Over the course of his research, Venkatesh has monitored white supremacist blogs and forums, watching as postings spurred participants to embrace xenophobic ideologies. He’s also followed the rise of racist rhetoric on social media, cataloguing the cues that trigger hateful hashtags.

Now, with the help of researchers from across Concordia’s four academic faculties and partners from Bishop’s University, the University of Alberta, Champlain College and Franklin & Marshall College in Lancaster, Penn., he’s developing an innovative web portal that will offer curricula and multimedia materials designed to sensitize Canadian youth to the sort of speech that incites violent extremism.

“We know that talk like this spreads on the internet, through avenues like social media,” says Venkatesh, who’s also associate dean of Academic Programs and Development in Concordia’s School of Graduate Studies. “But not enough work has been done on how social media might be able to counter it.”

The proposal for the site recently won $172,340 in funding over two years from the Kanishka Project, a Public Safety Canada initiative supporting research on counterterrorism.

The effort — the goal of which is to create a digital resource that will serve classrooms across the country — draws on a range of academic expertise from its four principal investigators,

While Venkatesh, whose research focuses on educational technologies, explores how xenophobia and racism are propagated online, Robert McGray, a former assistant professor in the Department of Education who has since moved to Brock University, is an expert on fostering spaces of civic engagement and building resiliency.

Meanwhile, Tieja Thomas, who is pursuing a PhD under Venkatesh’s supervision, looks into how social networking sites serve citizenship education.
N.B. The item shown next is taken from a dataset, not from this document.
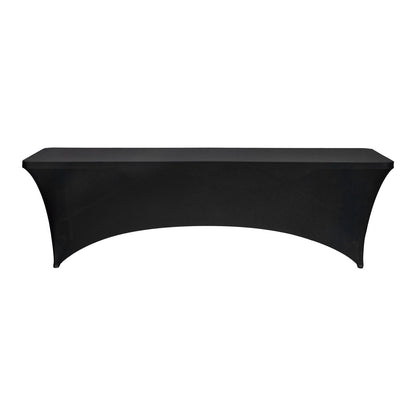 6 Pack Table Cloth for 8FT Rectangular Fitted Events, Wrinkle-Resistant Stretch Black Table Covers, Washable Spandex Tablecloth Protector, for Party, Wedding, Cocktail, Banquet, Festival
And Jihan Rabah, another PhD candidate whom Venkatesh is supervising, is investigating the theoretical and practical aspects of curricula development as they relate to gender and the integration of new technologies in the classroom.
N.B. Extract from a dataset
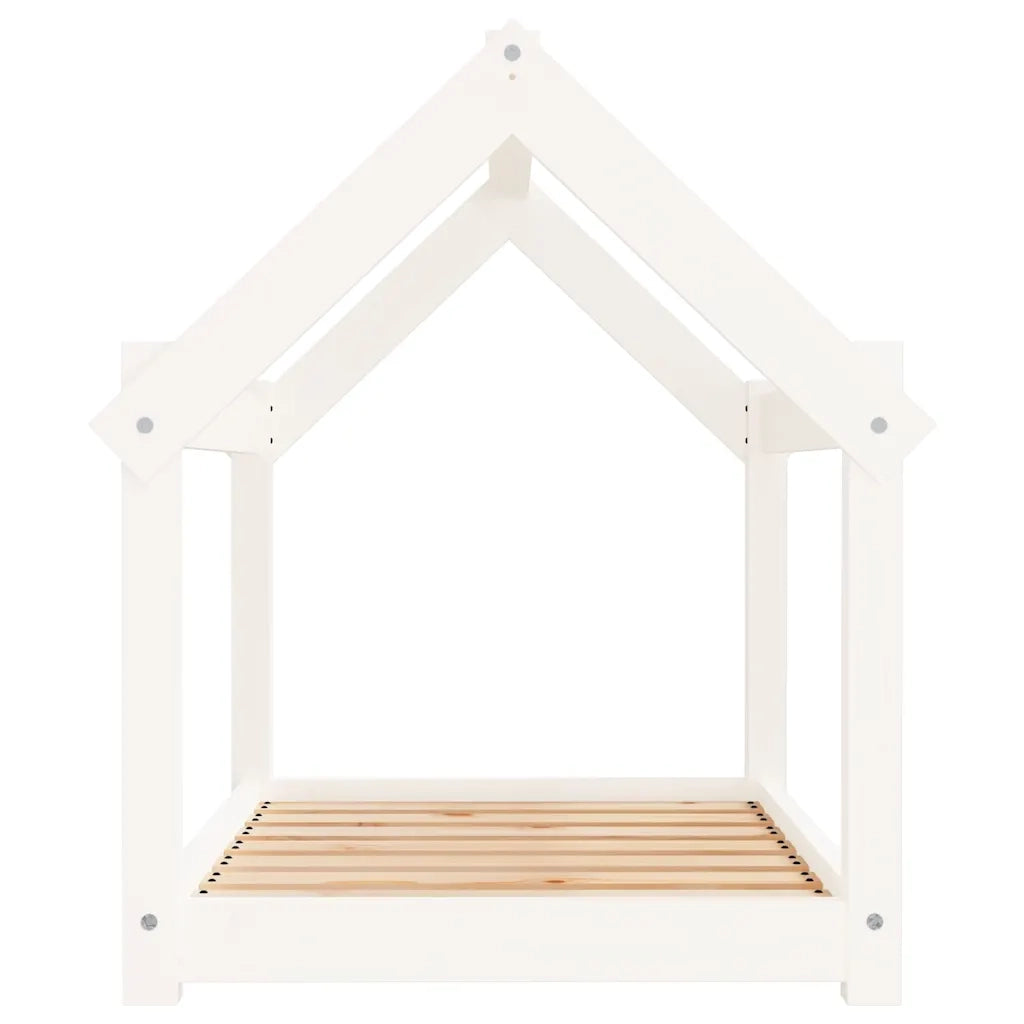 Cuccia per Cani Bianca 81x60x70 cm in Legno Massello di Pino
Rabah sees the project as an opportunity to promote awareness of hate speech among those growing up with tools that not long ago might have seemed like the stuff of science fiction.
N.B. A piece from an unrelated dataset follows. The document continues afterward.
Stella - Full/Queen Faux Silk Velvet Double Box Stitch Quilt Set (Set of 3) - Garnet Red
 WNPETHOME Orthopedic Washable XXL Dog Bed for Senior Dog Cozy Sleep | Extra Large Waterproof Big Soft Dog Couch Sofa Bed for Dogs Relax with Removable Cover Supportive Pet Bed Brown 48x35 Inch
“We want the new generation to understand the freedom that social media affords them — and the sorts of exchanges, both harmful and positive, that it can generate,” she says. “We want to equip them with the knowledge and skills to promote peace.”

To that end, the site — slated to launch in March 2016 — will feature materials on subjects like the use of social media among children, discrimination and the triggers of hate speech. It will also house animated content on how teachers may use social media to build resilience to extremist rhetoric among children, as well as videos depicting first-hand accounts of discrimination.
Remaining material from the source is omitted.